Specifically monitor progress by looking at the rows received
counter on the target:
target=> SELECT node_name, counter_name, counter_value, operator_name from execution_engine_profiles WHERE is_executing='t' AND counter_name IN ('rows received') AND Operator_name IN ('Import'); node_name | counter_name | counter_value | operator_name ----------------------------+---------------+---------------+--------------- v_VerticaDBTarget_node0001 | rows received | 124257398 | Import v_VerticaDBTarget_node0001 | rows received | 123197558 | Import v_VerticaDBTarget_node0002 | rows received | 237063416 | Import (3 rows)
To monitor the process on the source, look at the rows sent
counter:
source=> SELECT node_name, counter_name, counter_value,operator_name FROM execution_engine_profiles WHERE is_executing='t' a AND counter_name in ('rows sent') AND Operator_name IN ('Export'); node_name | counter_name | counter_value | operator_name ----------------------------+--------------+---------------+--------------- v_VerticaDBSource_node0001 | rows sent | 78890185 | Export v_VerticaDBSource_node0002 | rows sent | 126071726 | Export v_VerticaDBSource_node0003 | rows sent | 78889767 | Export (3 rows)
Incremental Export
When you are continually adding data to a table in the source cluster and want to copy the data to the target table in the target cluster, you can perform incremental exports. With an incremental export, you push only recently added data to the target using a query with epoch predicates, or other predicates such as date predicates.

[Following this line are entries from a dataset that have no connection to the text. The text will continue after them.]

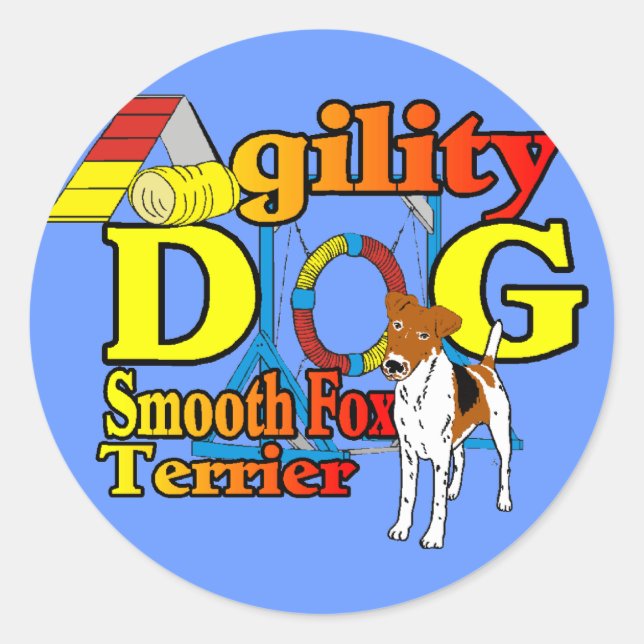 Sticker Rond Smooth_Fox_Terrier_Agilité (Devant)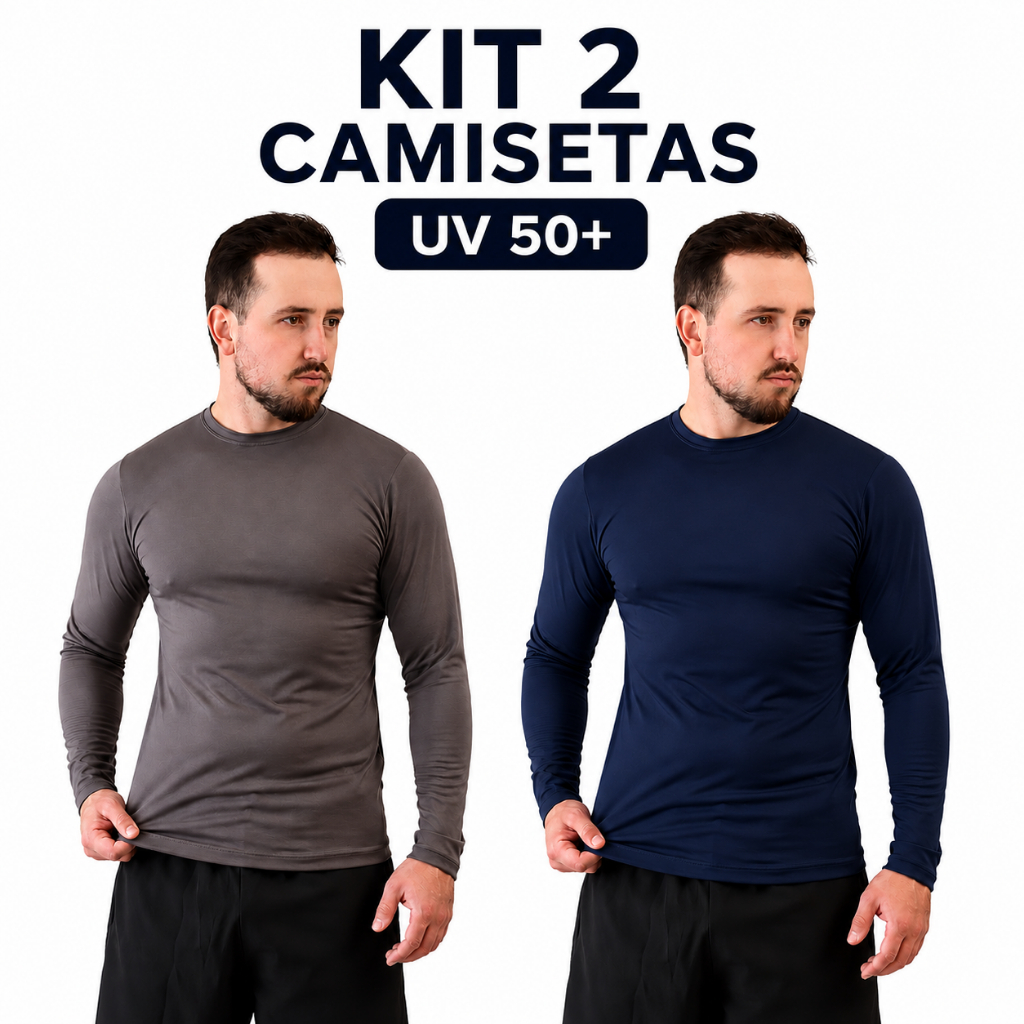 Kit 2 Camisetas Básica Segunda Pele Masculina Proteção Uv Manga Longa Blusa Academia Praia Sport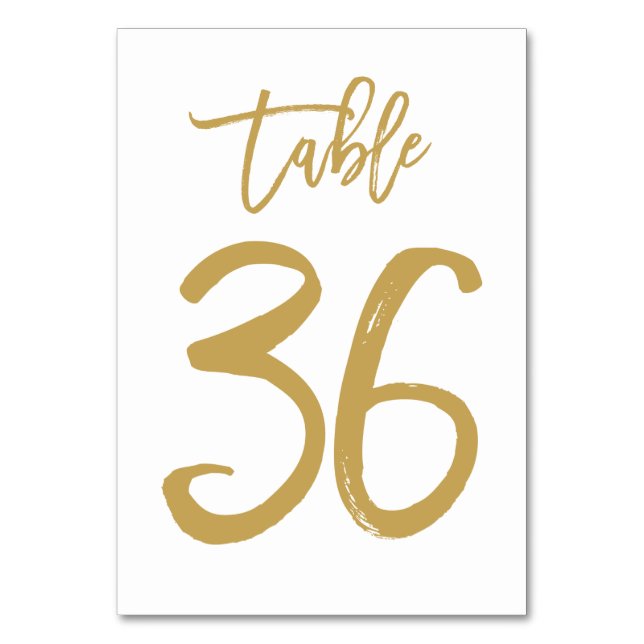 Numéro de table lettres main chic or | Tableau 36 (Par défaut)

In the following example, 39 is the epoch during which the last successful export took place. The EXPORT statement in the following example exports only the data that was loaded onto the source after epoch 39. The import operation does not support a similar syntax.
source=> COPY cluster1_table1 FROM STDIN DIRECT; Enter data to be copied followed by a newline. End with a backslash and a period on a line by itself. >> 100 >> 101 >> 102 >> 103 >> \. source=> SELECT epoch, * FROM cluster1_table1; epoch | i -------+----- 39 | 2 39 | 3 39 | 5 40 | 101 40 | 102 39 | 1 39 | 4 40 | 100 40 | 103 (9 rows) source=> CONNECT TO VERTICA VerticaDBTarget USER dbadmin PASSWORD '' ON '10.100.0.88',5433; CONNECT source=> EXPORT TO VERTICA VerticaDBTarget.cluster2_table2 AS SELECT * FROM public.cluster1_table1 WHERE epoch > 39; Rows Exported --------------- 4 (1 row)
Parallel Export
If you have a large amount of data to export, you can speed up the export operations by running multiple exports in parallel:
=> EXPORT TO VERTICA VerticaDBTarget.tgt (n,a,b) AS SELECT n as col1, a as col2 , b as col3 FROM src WHERE epoch > 0 AND epoch <= 1; => EXPORT TO VERTICA VerticaDBTarget.tgt (n,a,b) AS SELECT n as col1, a as col2 , b as col3 FROM src WHERE epoch > 1 AND epoch <= 2; => EXPORT TO VERTICA VerticaDBTarget.tgt (n,a,b) AS SELECT n as col1, a as col2 , b as col3 FROM src WHERE epoch > 2 AND epoch <= 3; => EXPORT TO VERTICA VerticaDBTarget.tgt (n,a,b) AS SELECT n as col1, a as col2 , b as col3 FROM src WHERE epoch > 3 AND epoch <= 4;
Choose the epoch ranges (or other predicates, such as date predicates) so that the number of rows are approximately equal in data size.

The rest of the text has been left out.